Lady of the Play is a well-researched book, and I am sure Deena Lindstedt spent a lot of time making this masterpiece perfect. This book has two storylines, and the author mixed them beautifully. These two storylines are connected no matter they happened 400 years apart. What I like the most about this book is the writing style. The author kept it quite simple for such a sensitive theme. The character I love the most is Cynthia. She is brave, stubborn, and eager to find the traces Ely left behind. She faces people who want to shut her down and prevent her from revealing her discoveries. I thought this would be a regular historical book that tells stories I already heard before, but Deena Lindstedt proved me wrong.

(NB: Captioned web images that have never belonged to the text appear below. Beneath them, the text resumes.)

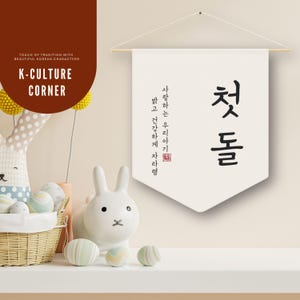 May include: A white banner with black Korean characters and text, hanging from a wooden rod. The banner reads "첫돌" and other Korean text. The banner is part of a K-Culture Corner display, with a white bunny figurine and decorative eggs.
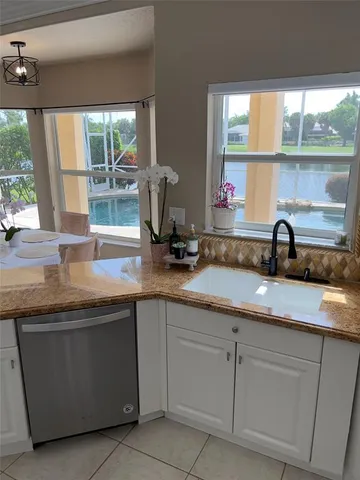 a kitchen with sink and window
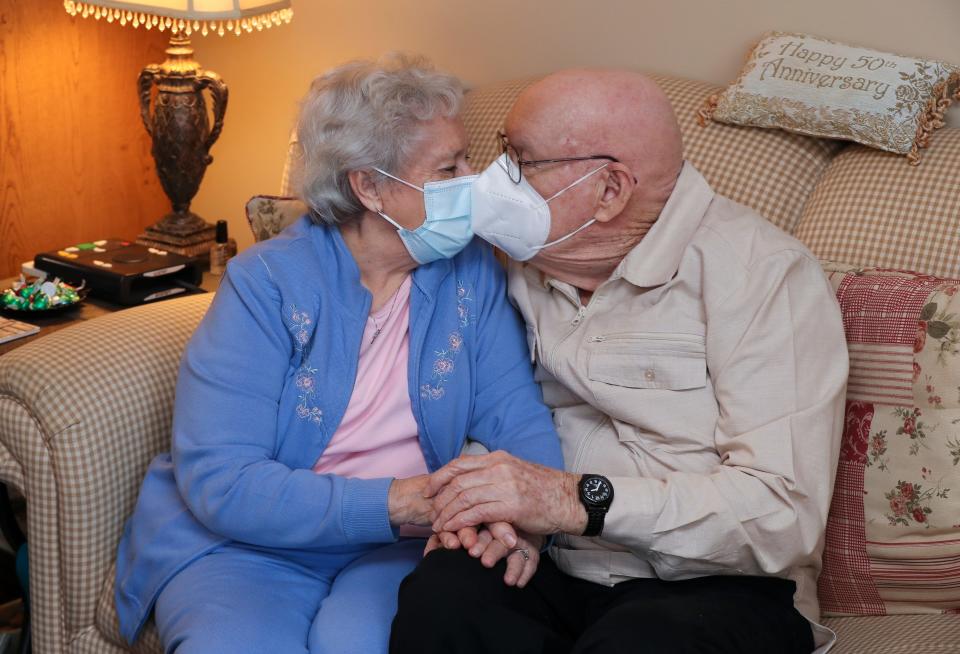 Don Hall, 88, right, and Patsy Hall, 89, gave each other a smooch through their facial masks in their senior living residence at the Chapel House in Louisville, Ky. on Jan. 21, 2021.  Don has already received his first dose of the Covid-19 vaccine and Patsy will receive her first dose soon.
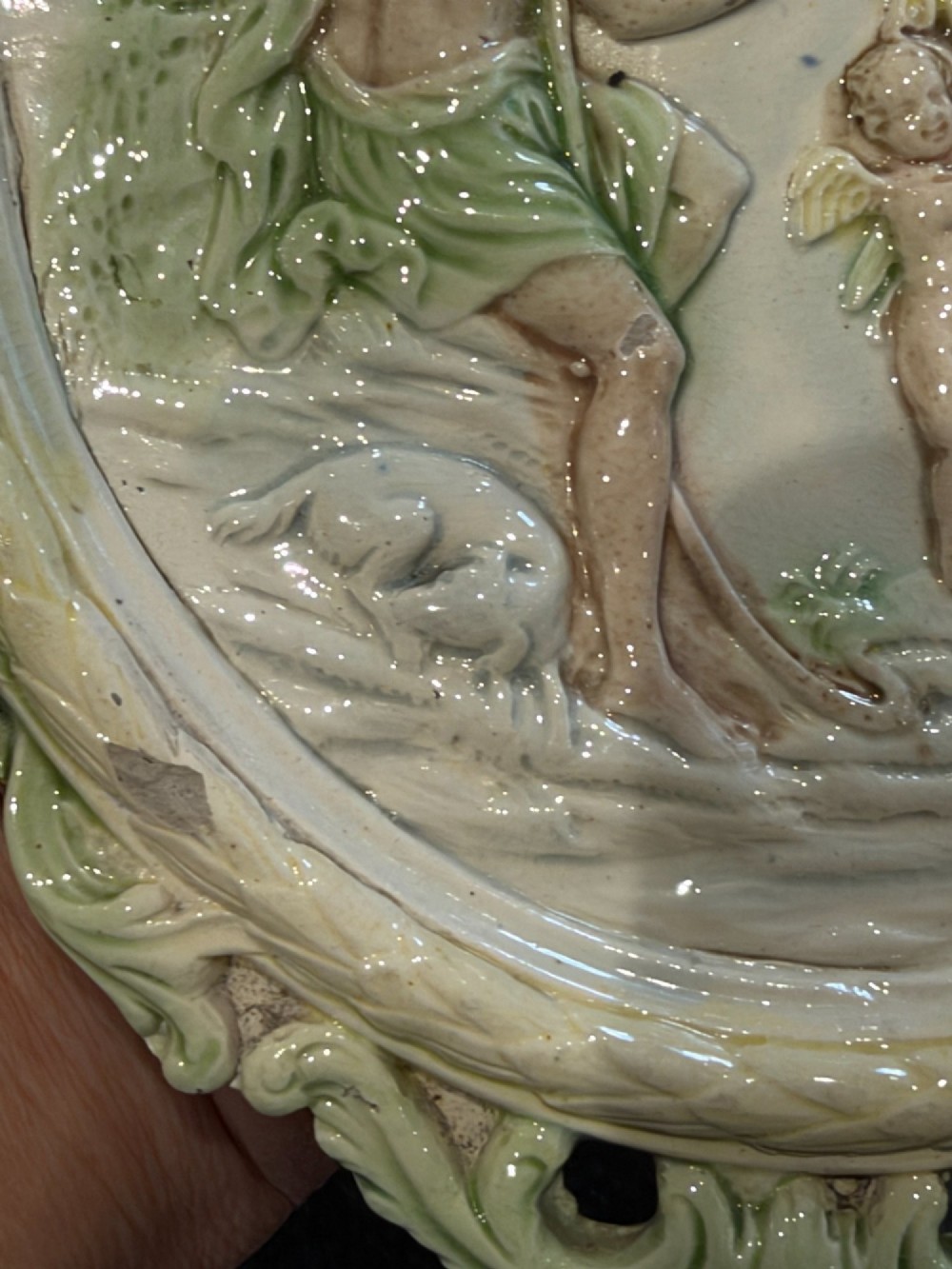 An oval cream and green lead-glazed pearlware plaque featuring relief moulding of classical figures surrounded by an ornate pierced leaf border. View XII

There are twists in this book I certainly did not expect, and that made it even better. Since I know very little about Shakespeare and his works, Lady of the Play was an educational piece, too. I learned a lot about him, his plays, and his life. I also love the last few chapters of the book because that is where all the tension in the book is released. I have to admit there is nothing I dislike about it. I am happy that this book made a positive impact on me.

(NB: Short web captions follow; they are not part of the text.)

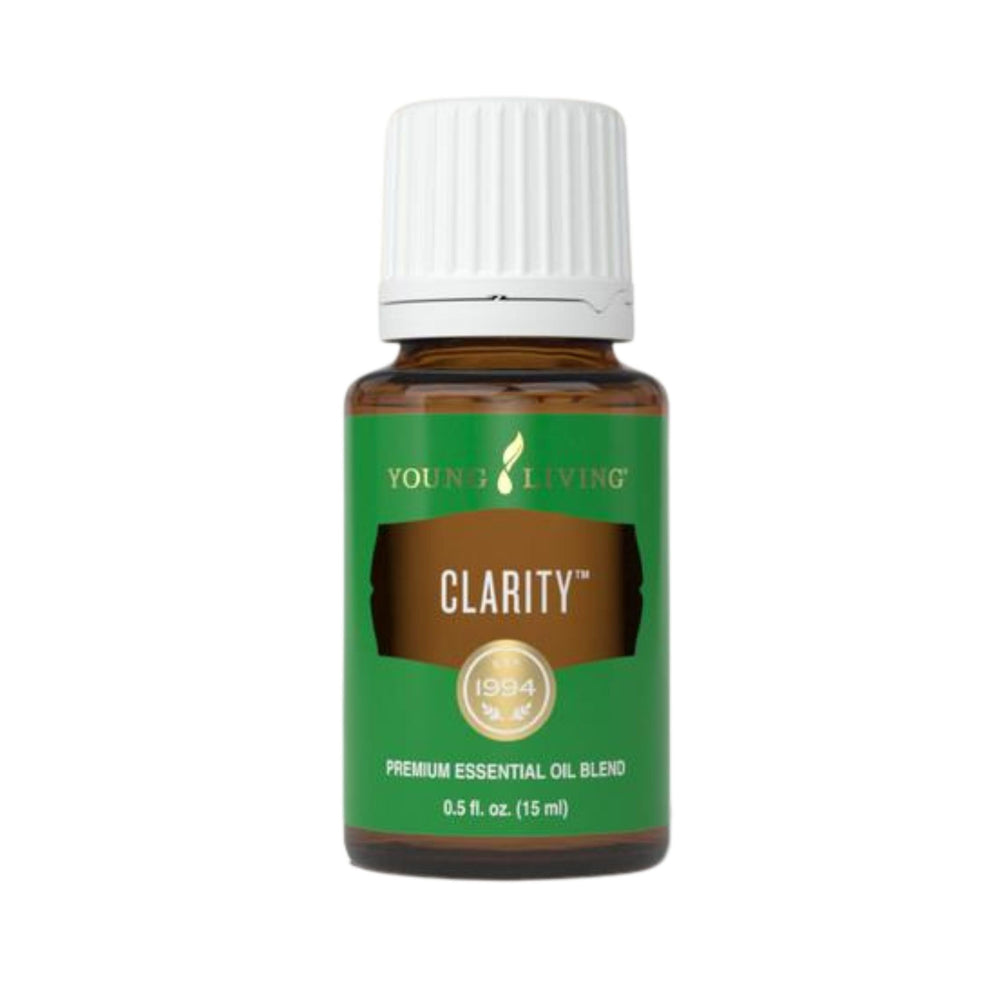 Young Living Clarity bottle being poured for diffusion and topical use for focus.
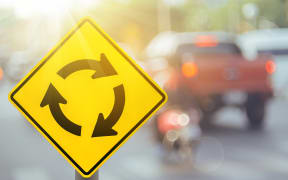 Stock photo of a roundabout sign.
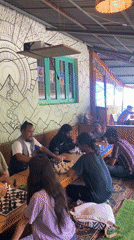 Chess players at a rustic mountain cafe in Haini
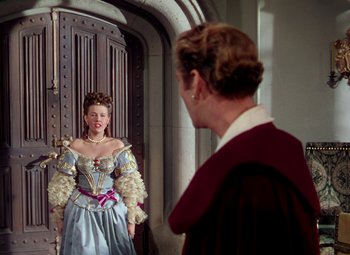 Movie still from “Adventures of Don Juan” (1948), directed by Vincent Sherman – A man and a woman dressed in medieval clothing; Medium shot, Over the shoulder angle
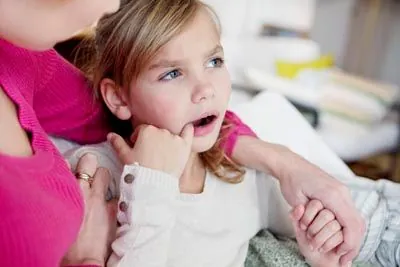 young girl holding her mouth due to tooth pain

The editors did magnificent work since I found zero errors in this rich book. I noticed only light profane words throughout the text and no erotic scenes at all.

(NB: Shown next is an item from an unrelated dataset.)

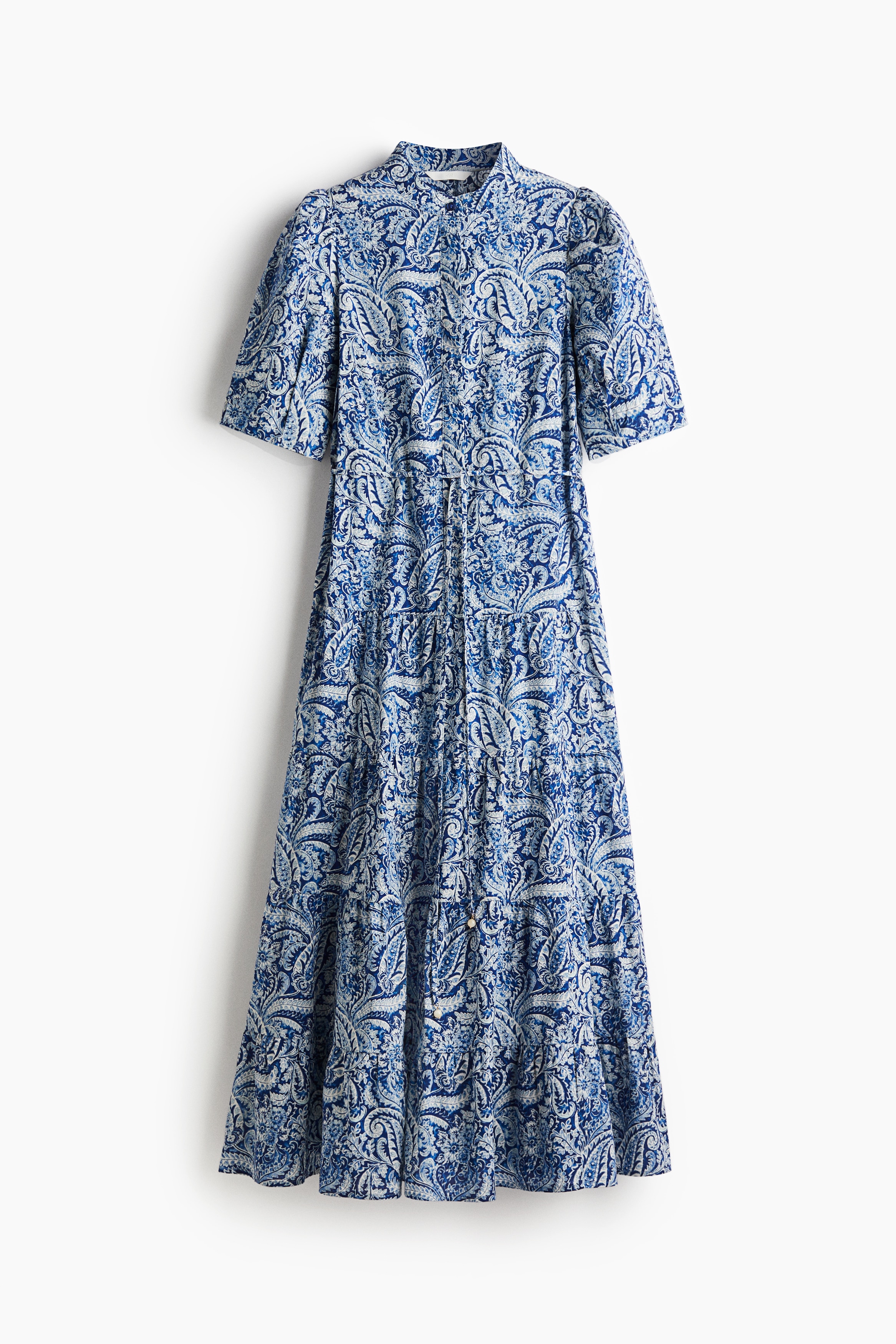 가벼운 코튼 소재의 맥시 원피스. 밴드 칼라. 상단 히든 버튼. 벌룬 스타일의 반소매. 가느다란 끈 벨트를 탈부착할 수 있음. 주름이 잡힌 티어드 스타일로 마감된 풍성한 플레어 라인의 하단. 안감 생략. 이미지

I am giving Lady of the Play 4 out of 4 stars. This book is written beautifully, has no errors, and I learned a lot from it. I highly recommend it to those who like Shakespeare and similar authors. Readers who love historical fiction will love this book, too. I think Lady of the Play may be a little bit complicated for the younger population, so I do not recommend it. Although this book spreads over 400 pages, it was a quick and light read.